IBM will soon be offering NVIDIA’s latest P100 GPU on its Bluemix cloud platform. The new option is aimed at users running AI and other types of performance-demanding analytics workloads.

In the announcement, IBM declares it is “the first major global cloud provider to make the NVIDIA Tesla P100 GPU accelerator available on the cloud.” Tencent and Nimbix also offer the P100 in their respective clouds, but they don’t quite make the cut as “major global” providers. Amazon EC2 and Microsoft Azure are currently offering the older NVIDIA K80 GPUs in their respective clouds, as is Google, which just recently rolled out its GPU cloud service. No doubt, all of them will upgrade to the P100 devices at some point.

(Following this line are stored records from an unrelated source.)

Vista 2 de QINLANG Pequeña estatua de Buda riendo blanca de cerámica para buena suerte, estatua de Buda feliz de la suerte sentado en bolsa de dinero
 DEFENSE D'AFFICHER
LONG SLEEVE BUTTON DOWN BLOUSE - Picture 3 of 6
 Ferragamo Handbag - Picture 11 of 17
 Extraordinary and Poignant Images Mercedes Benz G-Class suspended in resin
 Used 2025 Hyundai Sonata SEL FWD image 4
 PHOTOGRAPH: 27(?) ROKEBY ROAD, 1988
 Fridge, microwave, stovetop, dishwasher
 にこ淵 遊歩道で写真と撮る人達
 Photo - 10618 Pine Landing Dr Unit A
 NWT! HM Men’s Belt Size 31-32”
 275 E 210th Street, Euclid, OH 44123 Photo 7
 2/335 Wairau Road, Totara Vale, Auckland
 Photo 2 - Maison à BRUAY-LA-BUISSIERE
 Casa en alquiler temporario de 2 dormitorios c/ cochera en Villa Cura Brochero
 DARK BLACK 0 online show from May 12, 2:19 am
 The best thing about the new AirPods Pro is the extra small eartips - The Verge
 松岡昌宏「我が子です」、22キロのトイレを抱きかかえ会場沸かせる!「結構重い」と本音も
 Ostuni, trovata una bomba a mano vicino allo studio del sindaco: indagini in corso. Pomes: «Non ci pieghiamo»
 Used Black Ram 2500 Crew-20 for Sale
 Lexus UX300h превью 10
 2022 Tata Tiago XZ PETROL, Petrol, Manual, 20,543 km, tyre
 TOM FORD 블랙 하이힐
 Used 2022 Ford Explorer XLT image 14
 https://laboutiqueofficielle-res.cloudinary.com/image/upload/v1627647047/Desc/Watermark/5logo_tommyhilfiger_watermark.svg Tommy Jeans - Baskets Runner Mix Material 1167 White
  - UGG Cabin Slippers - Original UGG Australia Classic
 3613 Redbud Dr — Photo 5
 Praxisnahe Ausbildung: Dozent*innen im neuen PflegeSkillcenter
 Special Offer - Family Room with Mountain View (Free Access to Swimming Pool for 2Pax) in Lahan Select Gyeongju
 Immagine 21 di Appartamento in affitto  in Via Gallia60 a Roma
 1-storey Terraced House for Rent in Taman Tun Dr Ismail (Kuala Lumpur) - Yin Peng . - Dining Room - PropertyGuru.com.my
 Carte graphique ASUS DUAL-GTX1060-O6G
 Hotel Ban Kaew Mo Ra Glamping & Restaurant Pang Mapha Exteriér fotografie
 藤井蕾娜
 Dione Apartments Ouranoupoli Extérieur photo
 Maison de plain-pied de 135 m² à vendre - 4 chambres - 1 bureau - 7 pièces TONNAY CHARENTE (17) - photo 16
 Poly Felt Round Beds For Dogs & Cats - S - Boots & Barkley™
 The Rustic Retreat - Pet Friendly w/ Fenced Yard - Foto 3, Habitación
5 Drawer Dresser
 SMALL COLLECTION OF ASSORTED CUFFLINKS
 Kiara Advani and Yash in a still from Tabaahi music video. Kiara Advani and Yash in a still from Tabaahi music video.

It looks like the IBM will be using the PCIe-based version of the P100, rather than the slightly more powerful NVLink-optimized version. Nevertheless, the PCIe P100 is a good deal more performant than the previous-generation K80. In double precision performance, the P100 can deliver 4.7 double teraflops versus 2.9 teraflops for the K80.  For AI workloads, which rely on lower precision math, the P100 also outruns the K80: 9.3 to 8.7 teraflops at single precision.  In addition, the P100 delivers 18.7 teraflops worth of half precision processing, a capability missing in previous GPUs.

Maybe even more important than the additional flops, the new GPU is also equipped with second-generation High Bandwidth Memory (HBM2), which provides much high bandwidth than conventional GDDR5 memory – in the case of the P100, up to 732 GB/second. For memory-bound workloads, this represents a significant advantage, especially where the application’s data can fit into the 16GB footprint of the HBM2 module.

Although this is a cloud offering, the Bluemix bare metal set-up is not a virtualized platform, so there’s no performance lost through any hypervisor layer. According to IBM, you can specify configurations with up to two P100 devices per server. All are equipped with two Intel Xeon processors, which act as the hosts for the GPUs.

Pricing has not been established, although the current K80-accelerate bare metal servers start at $5.30 per hour or $1,359 per month, so one would expect the P100 servers to cost at least as much. For the time being, IBM will continue to offer the K80, K2 and M60 GPUs, in its cloud options. The P100 GPUs will be available on Bluemix servers later this month.